Porque diz que ser professor é um privilégio?
Todos os dias são um desafio e também uma grande responsabilidade. É um privilégio porque podemos convidar as crianças a olhar para o mundo à sua volta e a tentar melhorá-lo. Para mim, ser professor não é só abrir um recipiente e enchê-lo de conhecimento. É a possibilidade de estimular a ser melhor e a querer mudar o que o rodeia. É também uma grande responsabilidade porque essa marca fica para sempre sobretudo quando se é o professor referência, o primeiro contacto com a escola e a aprendizagem. E se aqueles alunos se vão lembrar de mim para toda a vida, quero que seja uma lembrança positiva.

É o mesmo lema do Homem-Aranha: "Com um grande poder vem uma grande responsabilidade."
É por aí, exatamente. O professor tem esse poder imenso nas mãos: imprimir a melhor mensagem possível em milhares de crianças que lhe passam pela frente.

O que valoriza mais na sala de aula: que aprendam, que fiquem curiosos e queiram saber mais, que sejam pessoas bem formadas?
Há de facto muita coisa que hoje recai sobre a escola. Mas o desafio é esse: ensinar-lhes o que precisam, estimular-lhes a curiosidade para gostarem de aprender e irem à procura de mais conhecimentos, e ainda formar boas pessoas, gente que trate bem os outros, que respeite o meio ambiente, que tenha responsabilidade social.
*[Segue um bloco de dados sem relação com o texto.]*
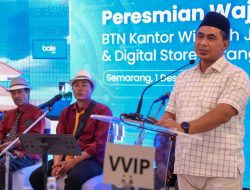 Wagub Jateng Gus Yasin Dorong Digitalisasi BTN Permudah Regulasi Keuangan
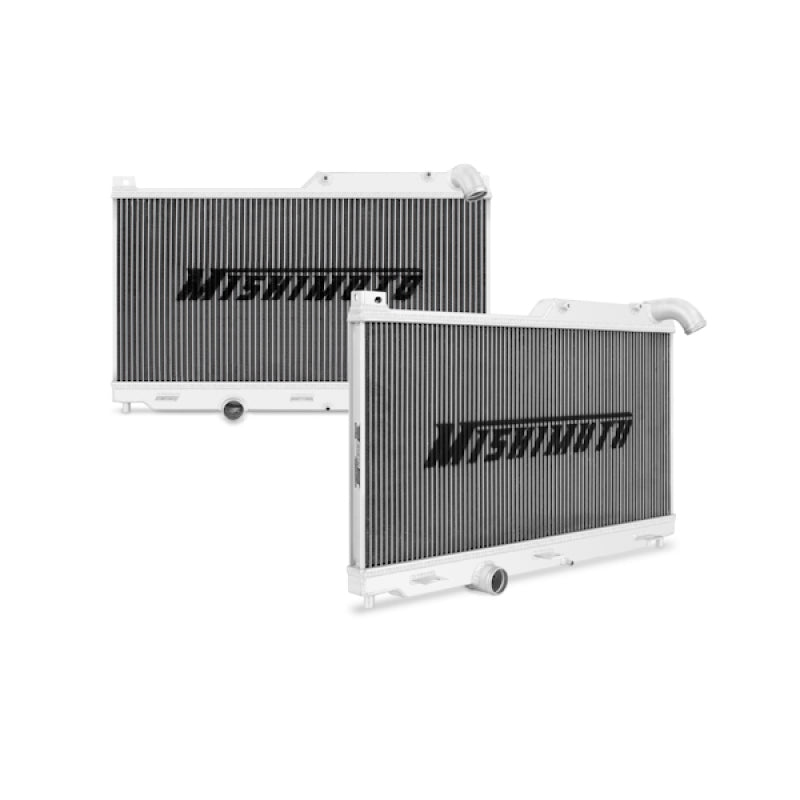 Mishimoto 93-95 Mazda RX-7 Performance Aluminum Radiator - #MMRAD-FD-93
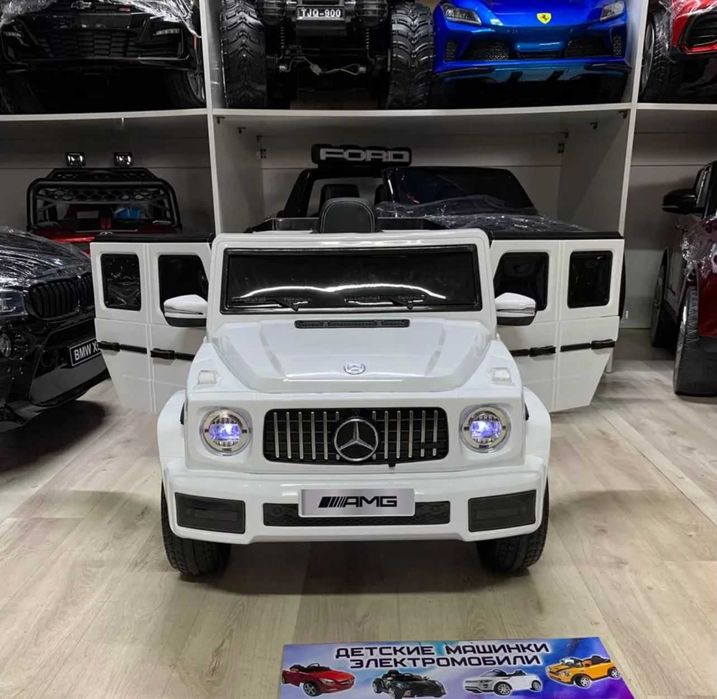 Детский электромобиль Геленваген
Ter paixão pelo que faz é meio caminho andado?
Paixão e esperança. Se convives com quem está cheio de esperança na sua essência, porque as crianças são os adultos de amanhã, são ambas imprescindíveis. À mistura com a curiosidade e a criatividade, as possibilidades que se apresentam a um professor para provocar alterações nas vidas dos seus alunos são imensas. Temos de ensinar muitas coisas, mas temos de ser um abre-portas, para que todos tirem a curiosidade da caixinha e a ponham ao seu serviço, para que seja o motor do seu dia a dia. Uma criança que gosta de aprender vai fazê-lo a vida toda. Estimulando a curiosidade das crianças, alimenta-se ainda a criatividade, muito importante para resolver problemas e encontrar caminhos novos quando já ninguém sabe o que fazer. Porque lhes permite ver as coisas de outra maneira.
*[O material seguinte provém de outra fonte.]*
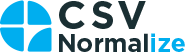 CSVNormalize logo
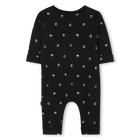 Conjunto de macac&atilde;o e cardig&atilde; BOSS 
                    BOY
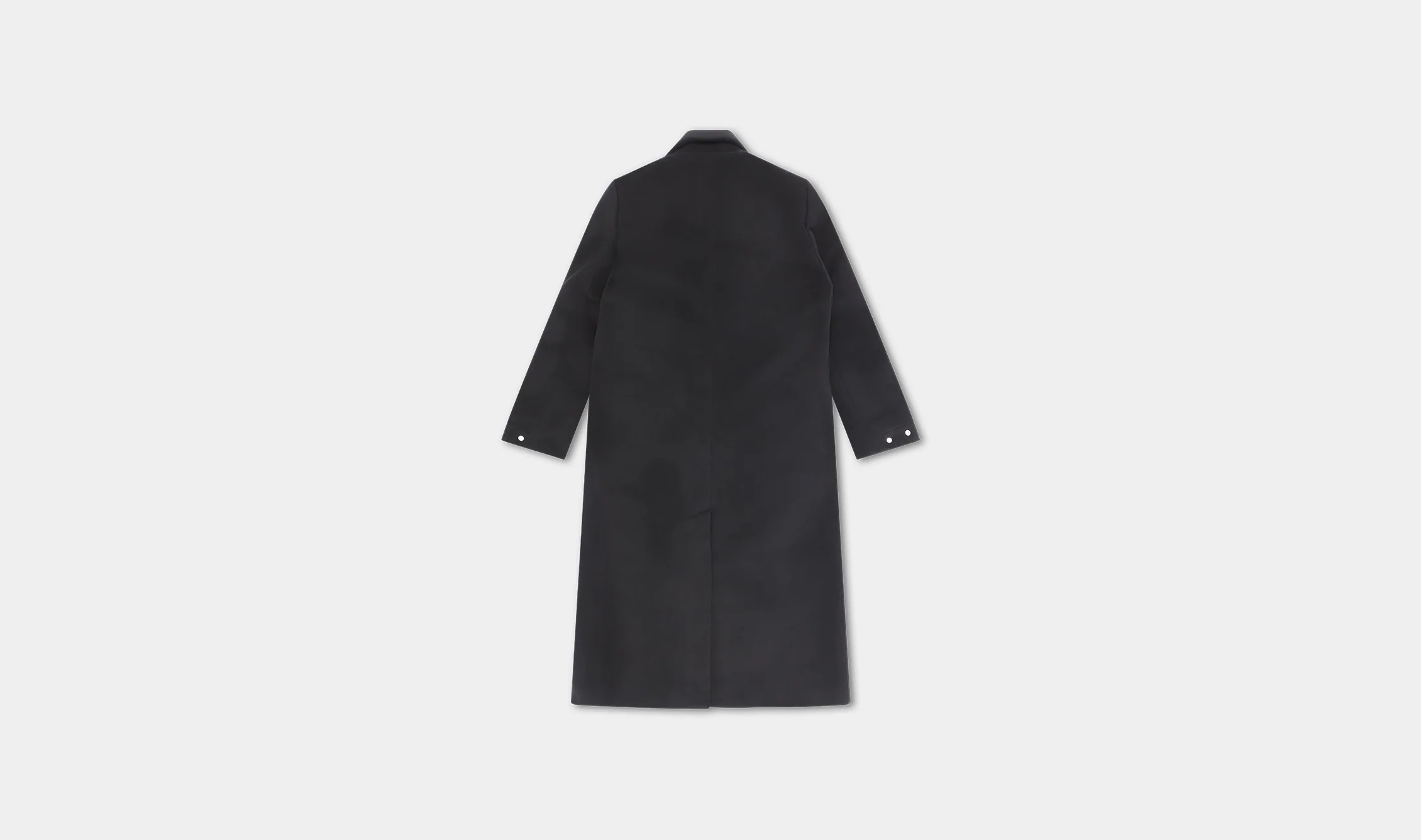 TITAN WOOL COAT IN CASHMERE - Image 11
Parece então que subestimamos constantemente as crianças...
Sim, em todos os sentidos. Eles têm imensas coisas que podem partilhar connosco e não valorizamos. A nível social, isso também acontece. Faz falta perguntar às crianças como mudavam um parque, que alterações gostariam de ver no bairro onde vivem, o que gostariam que acontecesse para melhorar a vida dos outros. Quando uma pessoa arrisca fazê-lo, os resultados são sempre surpreendentes.

Regra número um: nunca esquecer a criança que há em nós. É isso?
Nunca. Nas crianças está toda essa maleabilidade, esse olhar sem preconceito, sem ideias feitas. Isso permite compreendê-las melhor e ajudá-las no seu percurso. Ao colocarmo-nos ao seu nível, olhos nos olhos, tudo fica mais fácil.
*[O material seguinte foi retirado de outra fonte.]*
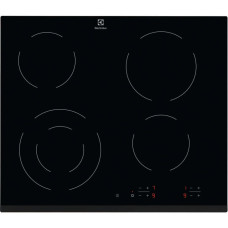 Варочная поверхность электрическая Electrolux Radiant 60 EHF6241FOK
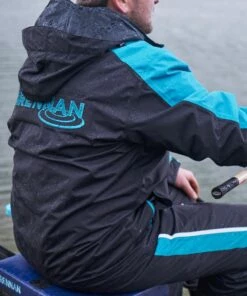 Drennan 25K Waterproof Jacket Clothing -Drennan Online Store Drennan 25K Waterproof Jacket 4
No livro A Nova Educação, alinham-se ideias como "Não faço nada de extraordinário, apenas me divirto na sala de aula" ou ainda "Sou professor mas não sei tudo. Vocês também podem ensinar-me". Como é que se faz isso ?
Quando me divirto, desfruto. E isso é muito importante porque à minha frente estão pessoas que, durante toda a infância e adolescência, não podem mudar de vida, como um adulto faria. Estão ali e têm de ali estar, na escola, na sala de aula, diante do professor. Daí a grande responsabilidade: conseguir que tenham ganas de voltar no dia seguinte. Todos os dias, aqueles miúdos são obrigados a estar sentados durante seis horas, apenas a escutar e a repetir, e isso é aborrecido para qualquer um. Para um adulto também, não?

Imagino que o desafio seja maior por vivermos numa zona do globo mais envelhecida e onde as crianças são cada vez mais raras e crescem superprotegidas...
É importante não cair nesse equívoco: nem sempre tudo corre bem e é importante ensiná-las a lidar com a frustração. É assim que se estimula a resiliência na circunstância em que você é diferente de mim, e temos todos de aprender a respeitar essas diferenças.

Como se educa para a cooperação e não para a competitividade se vivemos num mundo cada vez mais competitivo?
Daí a sua premência. Porque uma das maravilhas da escola é que ela pode mudar a sociedade. Se acreditamos que é a chave para mudar o mundo, então temos de educar para a cooperação. A escola é o lugar ideal para promover o que queremos para o mundo em que vivemos.
Muitas famílias mudam os seus hábitos e a suas rotinas por força das aprendizagens que os filhos trazem da escola: alteram o que compram, passam a fazer reciclagem... Imagine--se isso replicado por milhares de casas, em todo o mundo. É um poder extraordinário à nossa disposição.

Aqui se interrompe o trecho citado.